Six students have been working in conjunction with Student Health Service to educate students about what's available on campus to help them kick the habit. The initial $250,000 project, dubbed “Leave the Pack Behind”, was launched last March and was refunded with $170,000 by the Ontario government this fall, said Jane Radix, health educator for Student Health Service.

The project, co-ordinated by Brock University, is geared to reach 50,000 university and college students in Ontario.


Participants include: the University, McMaster Student Health Service, Hamilton-Wentworth Public Health department, the Regional Public Health department, Mohawk College, Niagara College, Queen's University, Kingston-Frontenac-Lennox-Addington Health Unit and the University of Windsor, Windsor-Essex County Health Unit and the University of Guelph.

An American study showed that one in 10 university students said they started smoking after the age of 19, Radix said, and one in 10 reported they intended to start smoking.

“Those numbers got us the funding,” said Radix. “It showed that some new students decided to take up the habit when they get here.”
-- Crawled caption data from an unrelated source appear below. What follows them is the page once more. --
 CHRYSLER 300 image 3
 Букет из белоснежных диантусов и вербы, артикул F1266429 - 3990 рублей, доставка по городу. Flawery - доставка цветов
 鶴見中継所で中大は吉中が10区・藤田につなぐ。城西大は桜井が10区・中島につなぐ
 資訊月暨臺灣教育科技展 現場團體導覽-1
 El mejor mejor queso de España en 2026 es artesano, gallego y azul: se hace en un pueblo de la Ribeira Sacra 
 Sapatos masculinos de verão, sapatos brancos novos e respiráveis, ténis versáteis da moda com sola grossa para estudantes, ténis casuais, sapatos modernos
Three graduate students and three undergraduate students are working on the project which includes peer counselling and delivering a computer software program that lets students know how ready they are to stop. As well, the student co-ordinators are giving classroom presentations outlining what steps smokers can take if they want to get help to quit.

Radix said “stage-based intervention” and a public health campaign delivered by peers seems to work well with university-aged smokers.
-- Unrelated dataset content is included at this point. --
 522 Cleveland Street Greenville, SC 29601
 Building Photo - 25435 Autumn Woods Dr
“Few students would show up for a formal clinic,” said Radix. “Now we get them to sign up for something and hope it creates a feeling of 'now I really have to do it.' The formal sessions seem to impede people from using it.”

Radix acknowledged that smoking is a difficult habit to break.

“People use it as a stress reliever,” she said, “and in this population it is also the social sphere. It is linked to having a good time.”

Radix said one of the components of the outreach program involves helping students identify alternative methods to deal with stress. As well, the health service has a limited number of nicotine patches available for students who are seriously committed to quitting, she said.


A Centre for Addiction and Mental Health survey of 7,800 students at 16 Canadian universities in 1998 found that:

  • 12.1 per cent of the students reported they smoked cigarettes daily
  • 10.4 per cent of the students reported smoking occasionally
  • the highest percentage — 14.7 per cent — of smokers were students living alone, off campus
  • students attending Ontario universities reported the highest rate — 14.1 per cent — of daily smoking.